Then it was the '90s ...
BL: As a follow up, have you read Dark Knight Returns or do you plan to? If you did, do you have any opinion on it?
GM: The whole thing felt slack and unconvincing in every area of its production. I assume Miller was talked into it by friends or paid a vast amount of money. Probably both. It's a shame he didn't give it his all but maybe I'm wrong and he's going through a deliberately primitive phase. I don't know. I loved his Daredevil: Born Again and Robocop 2, but his work is otherwise not to my taste generally. All that hardboiled- noir-crotch-sweat does nothing for me.
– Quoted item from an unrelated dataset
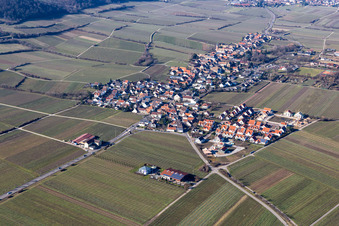 Luftbild von Dorf - Ansicht am Rande von Weinbergen in Forst an der Weinstraße im Bundesland Rheinland-Pfalz, Deutschland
BL: When I read DK2, its attempts at "shock value" seemed heavy-handed and almost quaint, yet aspects of New X-Men truly do have the power to shock me.
What legitimate role does shock value have in comics?
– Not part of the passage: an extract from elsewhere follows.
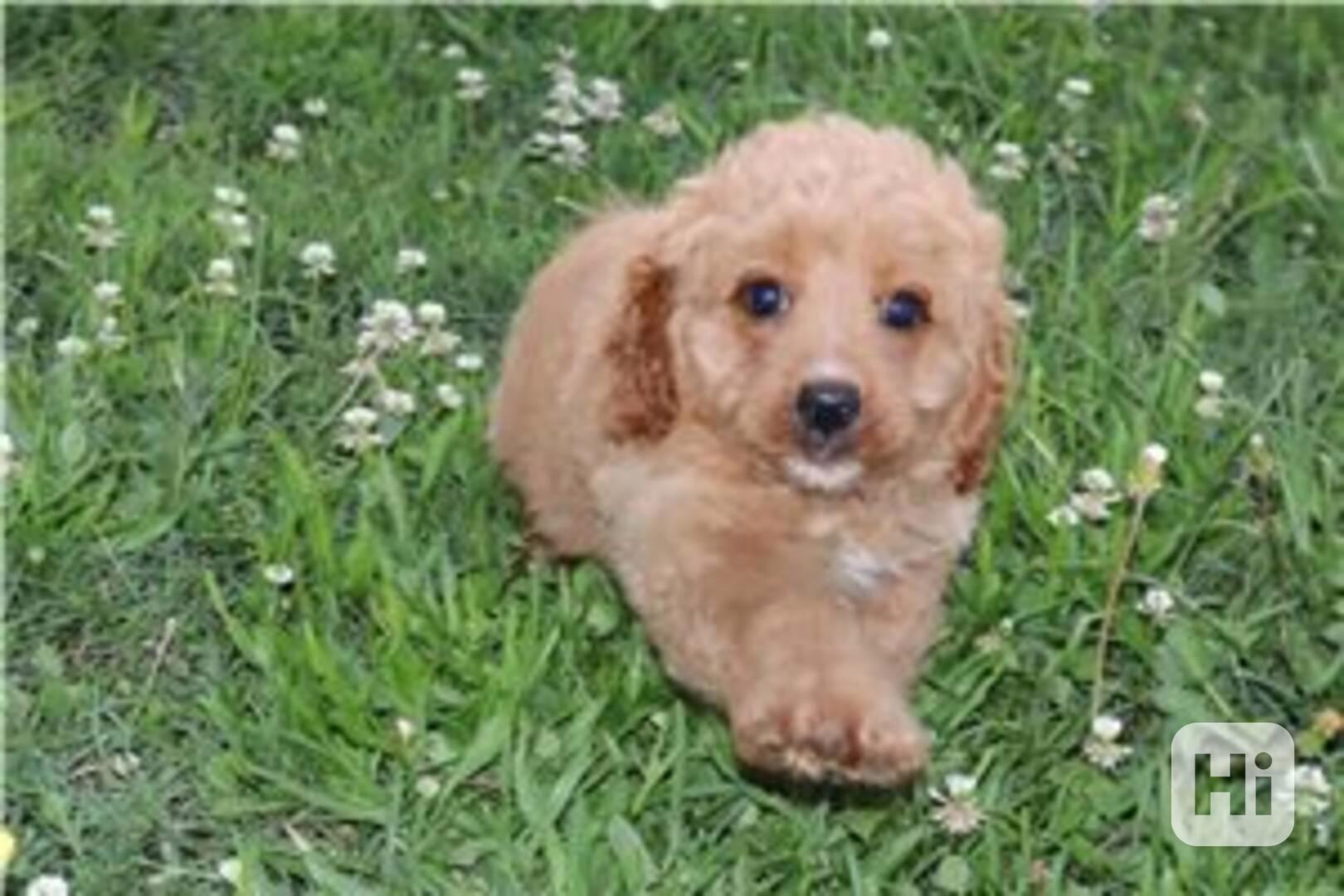 Registrovaná štěňata cavapoo Naše štěňata cavapoo hledají  - foto 1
GM: I love being shocked and challenged. I love walking away from a book, comic or movie with my expectations bent and my head expanded with new ways of seeing the world. The new is always shocking but I'd rather be shocked than mollycoddled and lied to. If people are so easily shocked by images of the fantastic, what the fuck are they doing reading comic books?
Who are these dull bastards who think that comic books — comic books!!! for Fucks sake!!!! — shouldn't be relentlessly shocking?
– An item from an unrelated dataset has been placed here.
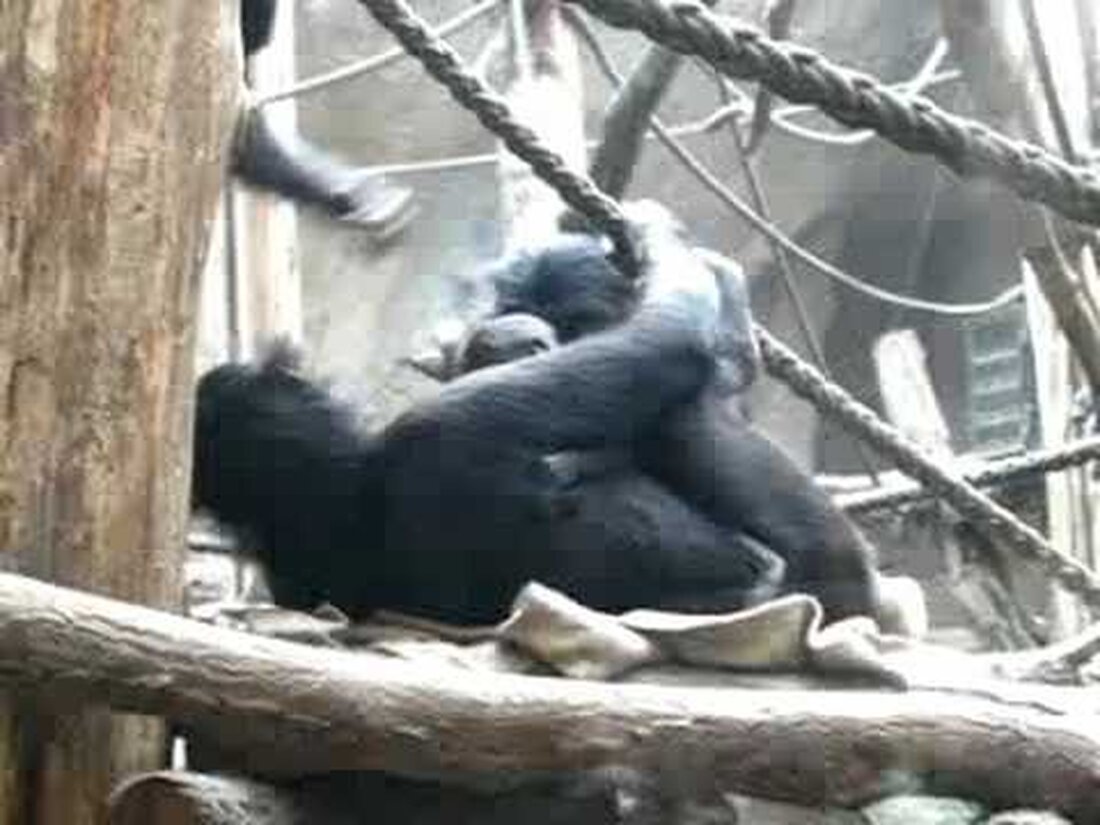 Yasa (geboren am 27. August 1997 im Twycross Zoo, UK) brachte am 28. Juli 2008 im Pongoland des Leipziger Zoos ihren ersten Jungen zur Welt. Das Video zeigt die Interaktionen zwischen Yasa und ihrem 5 Tage alten Jungtier mit der erwachsenen Frau Ulindi (geboren am 10. Oktober 1993 in Frankfurt) und ihrer Tochter Luiza (geboren am 27. Januar 2005 in Leipzig). . Youtube-Link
BL: How do you keep your shocks fresh and relevant, especially in a world that seems more and more shocking every day?
GM: I don't know. I never think about trying to shock people in the sense of 'We've reached page five without a shock — I'd better plug the finger into the socket. Hmm? What shocks people today?' etc.. Everyone has different limits so I simply tell the stories which seem to encapsulate my feelings about events around me. I grew up in a hard, angry, witty city and I still choose to live here. All my work is just coded symbolic responses to things I'm experiencing or watching or people I'm meeting. When these thoughts emerge as characters warring on paper they may seem shocking ... I don't know. The more I think about this the more ridiculous it seems.
BL: You said to me at San Diego Con that you outgrew your influences (possibly after your bout with serious illness) and were now ready to be an influence. That fascinated me. Could you talk more about that process of putting the past in the past?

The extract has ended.